C’est peut-être aussi simple que ce qu’avance Barclay : Microsoft ne se voyait pas comme une entreprise d’information, et les médias étaient sceptiques quant à la possibilité qu’elle le devienne. En plus de l’article de Newsweek, le Chicago Sun Times a publié en 2000 un article d’opinion qui s’interrogeait sur les véritables intentions de Microsoft avec Terraserver.

« Certains sont paranoïaques au sujet de Microsoft. Comment ces gens réagiraient-ils en découvrant sur les serveurs de la boîte une photo aérienne de leur maison, si précise qu’on pourrait y voir la piscine pour enfants dans le jardin ? », écrivait le journaliste Andy Ihnatko.

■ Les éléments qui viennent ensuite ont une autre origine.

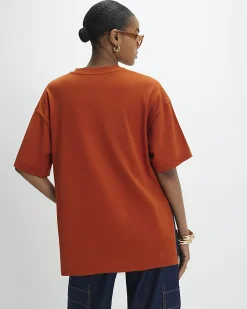 Orange Split Hem Boyfriend Fit T-Shirt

D’autres groupes se montrèrent moins nerveux. Le plus remarquable fut Keyhole, qui lança “Earth Viewer” en 2003 et se fonda sur Terraserver pour développer sa technologie. Keyhole vendait ensuite la licence du logiciel Earth Viewer pour 600$/an aux entreprises, et les particuliers pouvaient en acquérir une version plus légère pour 79$/an. Keyhole fut ensuite racheté par Google en 2004, qui rebaptisa Earth Viewer en Google Earth en 2005, et, bien sûr, vous connaissez la suite de cette histoire.